After locating the line with "Bursa'da karateci çift" below, output it and each following line exactly, stopping after the line with "2025 Can-Am Maverick Trail DPS 700". No pictures.

- ENTRIES SUPPLIED -
▶

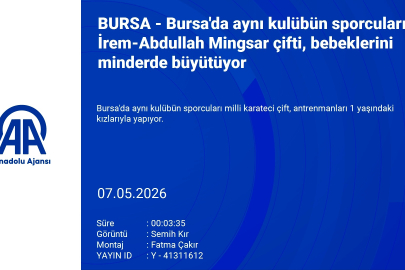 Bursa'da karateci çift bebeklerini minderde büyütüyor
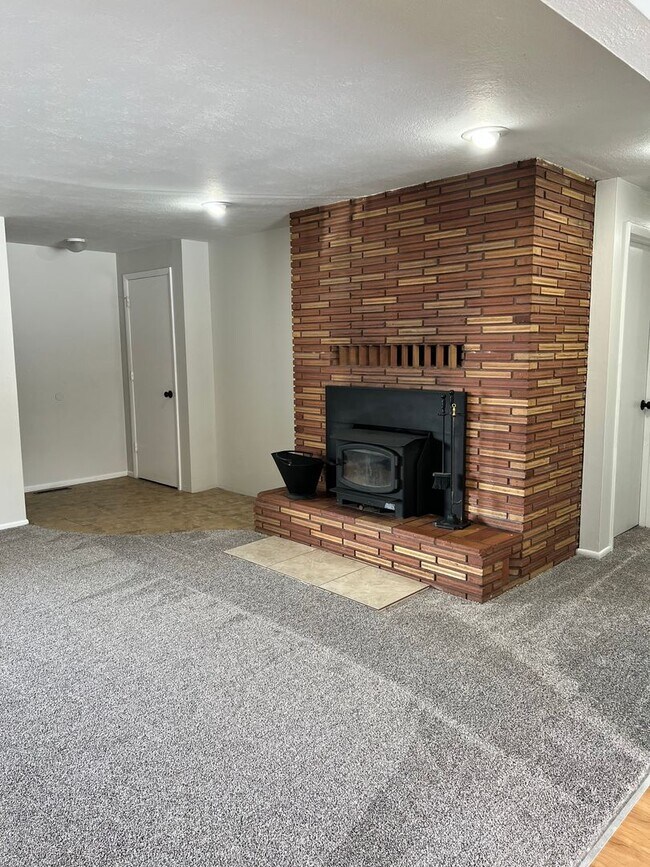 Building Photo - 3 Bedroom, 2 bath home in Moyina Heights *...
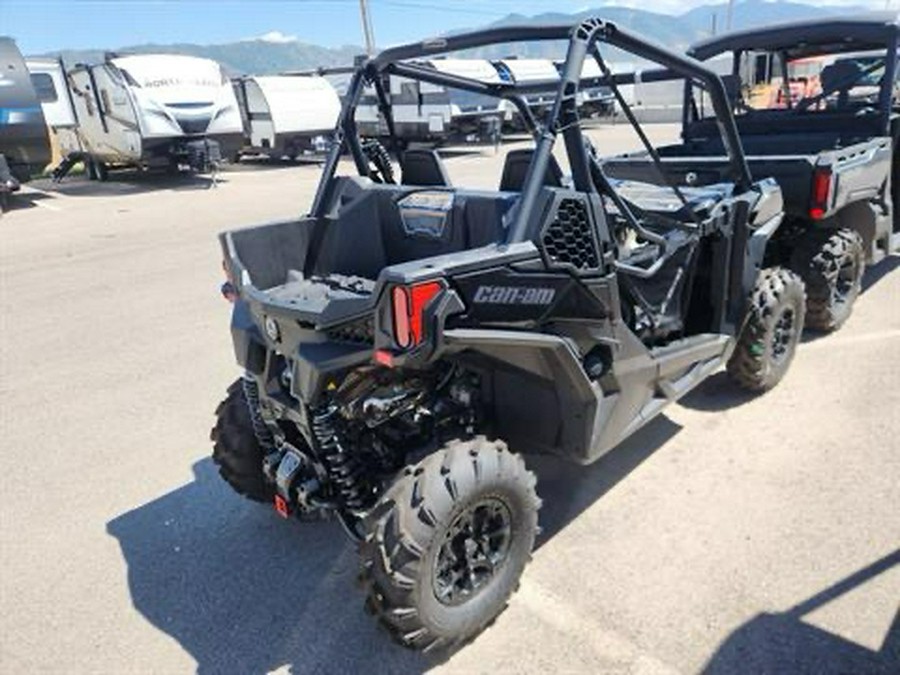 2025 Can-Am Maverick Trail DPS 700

◀
▶

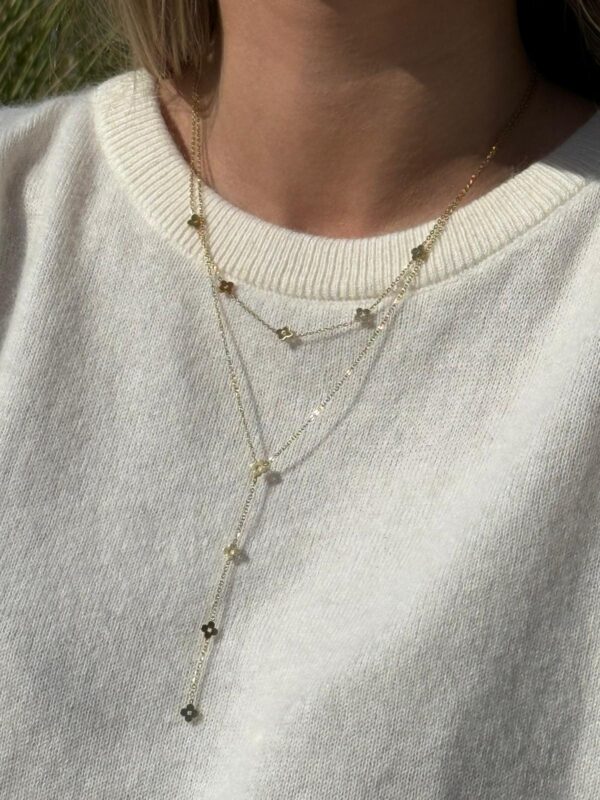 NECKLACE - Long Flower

◀

- TASK RESULT -
 Bursa'da karateci çift bebeklerini minderde büyütüyor
 Building Photo - 3 Bedroom, 2 bath home in Moyina Heights *...
 2025 Can-Am Maverick Trail DPS 700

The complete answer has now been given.